▶ RAW DATA:

_ _ _ _ _ _ _

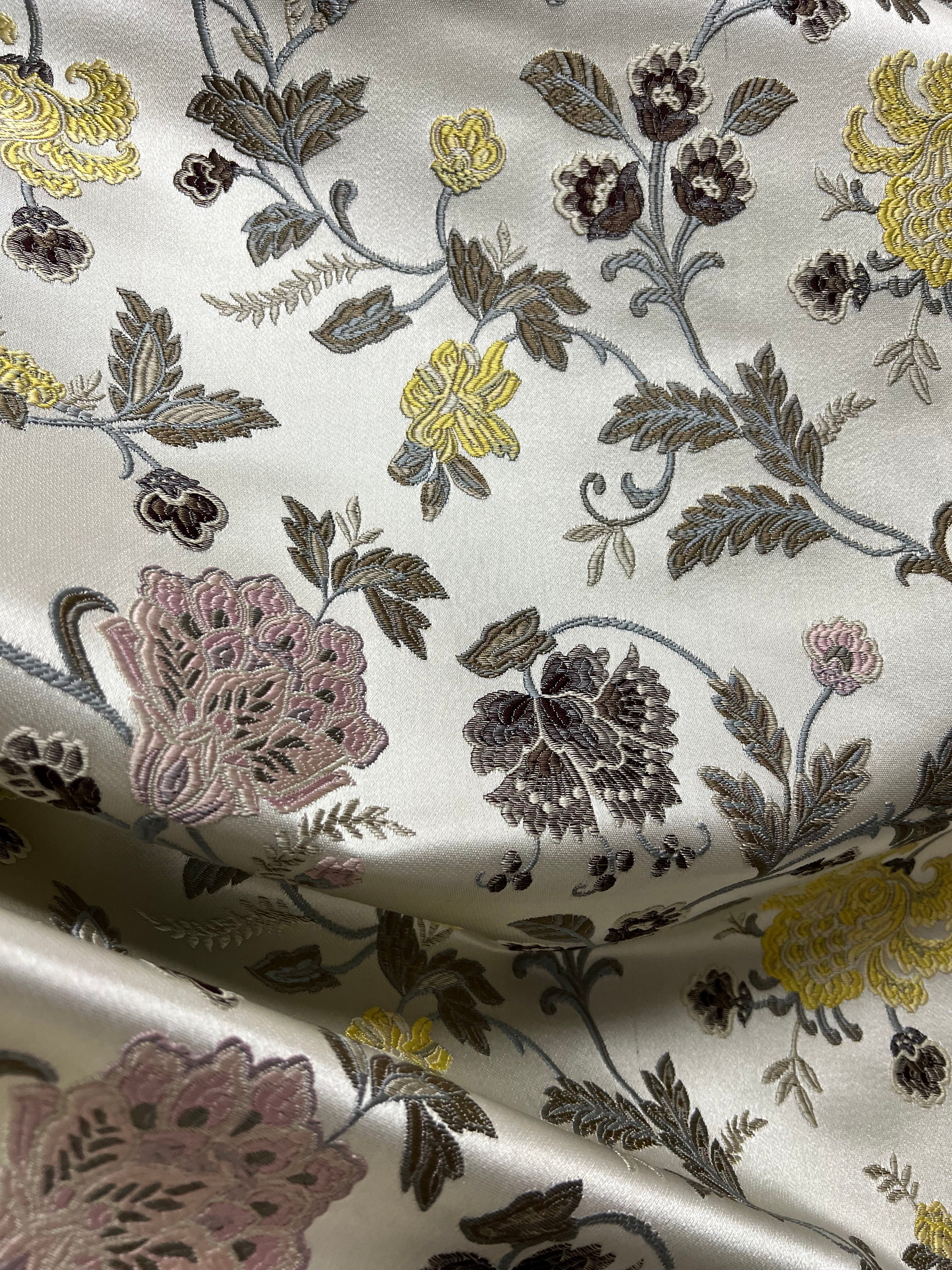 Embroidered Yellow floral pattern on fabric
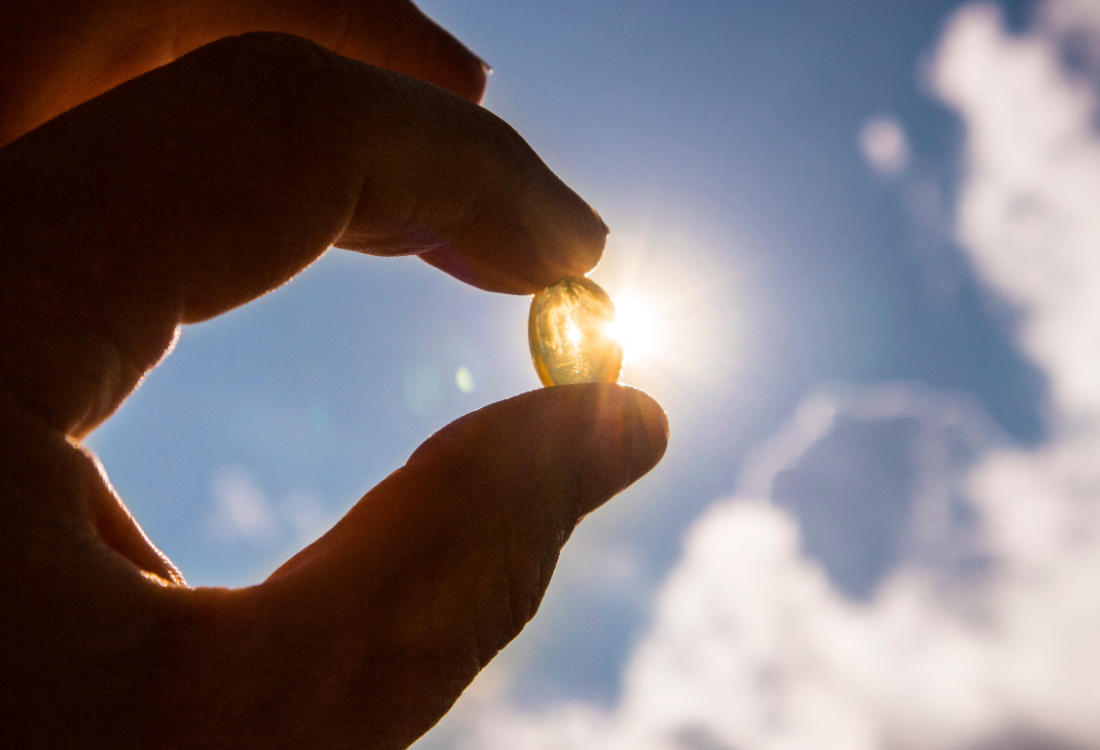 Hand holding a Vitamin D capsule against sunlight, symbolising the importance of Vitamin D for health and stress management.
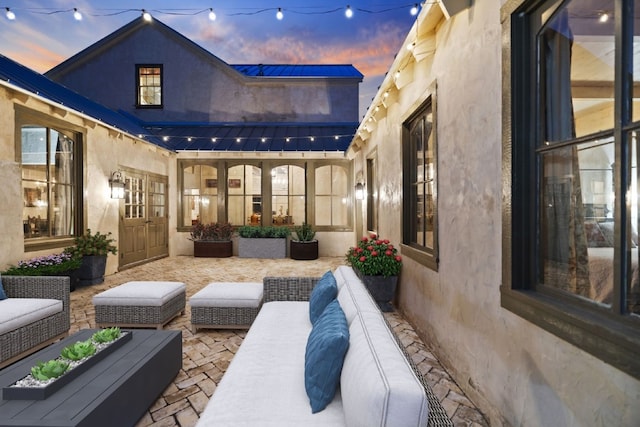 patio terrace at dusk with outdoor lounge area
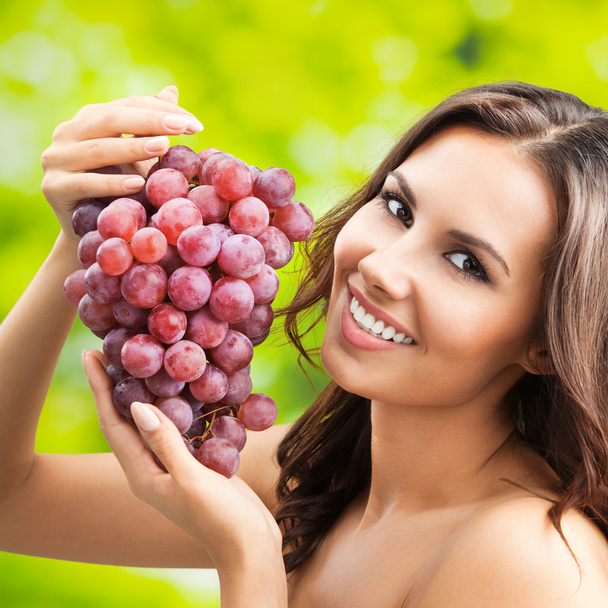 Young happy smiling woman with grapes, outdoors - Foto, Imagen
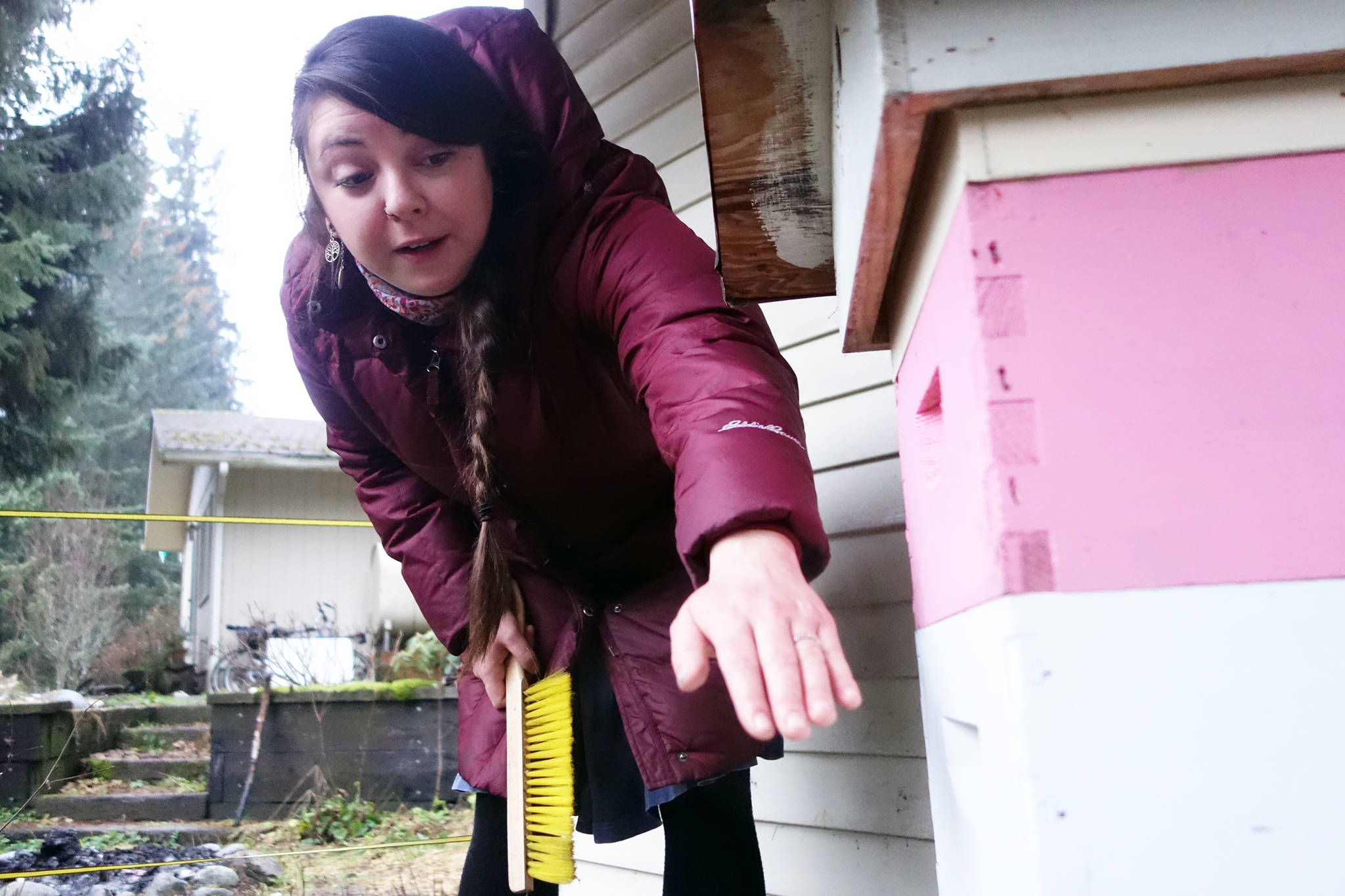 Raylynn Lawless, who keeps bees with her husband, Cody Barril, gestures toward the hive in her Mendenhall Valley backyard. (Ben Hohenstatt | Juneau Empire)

_ _ _ _ _ _ _

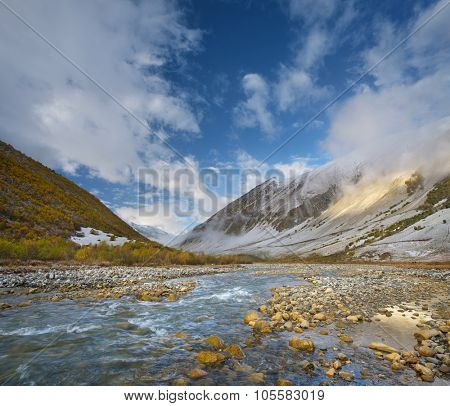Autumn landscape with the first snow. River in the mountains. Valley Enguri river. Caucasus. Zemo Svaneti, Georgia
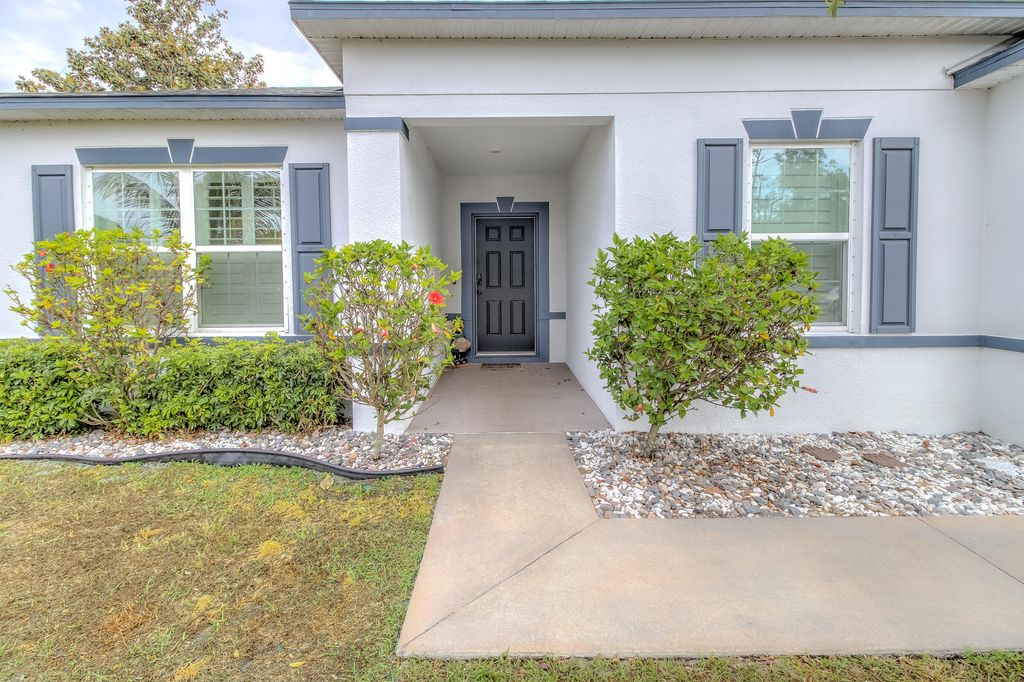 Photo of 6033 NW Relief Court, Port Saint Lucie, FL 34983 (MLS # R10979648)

_ _ _ _ _ _ _

▶ PROBLEM REQUIREMENTS:
Look above for the line with "Hand holding a" and the line with "Raylynn Lawless, who", then restate exactly those two lines and all lines between them, with no pictures.

▶ REPLY:
 Hand holding a Vitamin D capsule against sunlight, symbolising the importance of Vitamin D for health and stress management.
 patio terrace at dusk with outdoor lounge area
 Young happy smiling woman with grapes, outdoors - Foto, Imagen
 Raylynn Lawless, who keeps bees with her husband, Cody Barril, gestures toward the hive in her Mendenhall Valley backyard. (Ben Hohenstatt | Juneau Empire)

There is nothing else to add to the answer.